Hatten Charlie und Blondie auf der Hinfahrt noch angekündigt, nicht lange bleiben zu wollen (der Flug nach München sollte schon am Sonntagvormittag um 11 Uhr abheben), so kam es, wie es nach solchen Aussagen immer kommt - es wurde trotzdem spät. 
Erst um 1.15 Uhr kamen sie aus dem Lokal und brachten Rocky und seine Pieps-Trulla gleich mit. Alle leicht bis mäßig alkoholisiert, laut und inzwischen gut befreundet. Zum Glück sind die Straßen um diese Zeit nahezu leer und ich schaffte die Strecke nach HH-Ohlsdorf in gut 20 Minuten. Trotzdem - Charlie´s Witze waren im Laufe des Abends nicht besser geworden, dafür seine Geschichten um so schlüpfriger.
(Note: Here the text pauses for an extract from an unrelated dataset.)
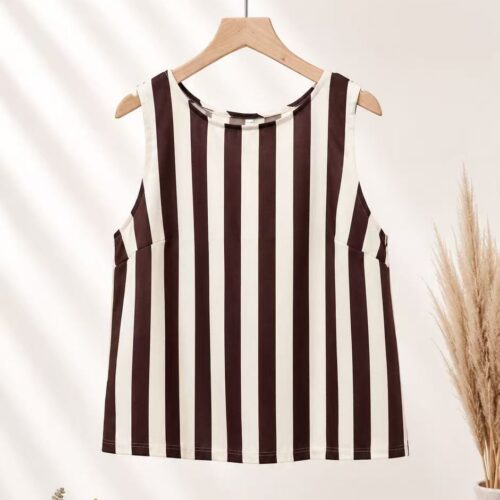 Blusa Top Café Sin Mangas Estampado Rayas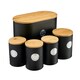 image 1 of Cooks Professional 5 Piece Ribbed Tea, Coffee, Sugar, Biscuit & Bread Cannisters with Bamboo Lids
Allerdings war ihm wohl entfallen, daß vor ihm ein Ex-Münchner als Fahrer saß. 
Und so erzählte er freizügig von Firmenausflügen in die Münchner Puff-Szene und wie sein Vorgesetzter mal eingeschlafen sei, während eine Stangen-Tänzerin vor ihm Verrenkungen machte... Natürlich hatte er selbst NIE den Service der Damen im "Leierkasten" genutzt, nur immer auf die Kollegen "..gewartet..". 
  • "Leierkasten?" fragte Rocky neben mir, während Charlie sich in Rage redete.
Ich erklärte ihm, daß das einer "billigsten" Puffs in München sei, bzw. war. Das warf natürlich ein anderes Licht auf Charlies Firmen-Stories. 
  • "Also in billigen Puffs wart ihr?" fragte Rocky süffisant und Charlie stutzte.
Er hatte wohl realisiert, daß ich Rocky die Info gesteckt hatte. 
  • "Du kennst den "Leierkasten"?" fragte er mich.
  • "Klar. Als Taxifahrer habe ich mir ab und zu meine Provision dort abgeholt, wenn ich Fahrgäste für den Laden hatte."
Sofort waren die Geschichten von Stangen-Tänzerinnen und schlafenden Chefs vorbei. 

Der Rest der Nacht verging wie im Flug, denn nach und nach zog es alle nach Hause. Ich kam mir irgendwie vor, als säße ich im Taxi. Nur das Fahrzeug war edler und ich trug Anzug. Aber die Geschichten waren die gleichen.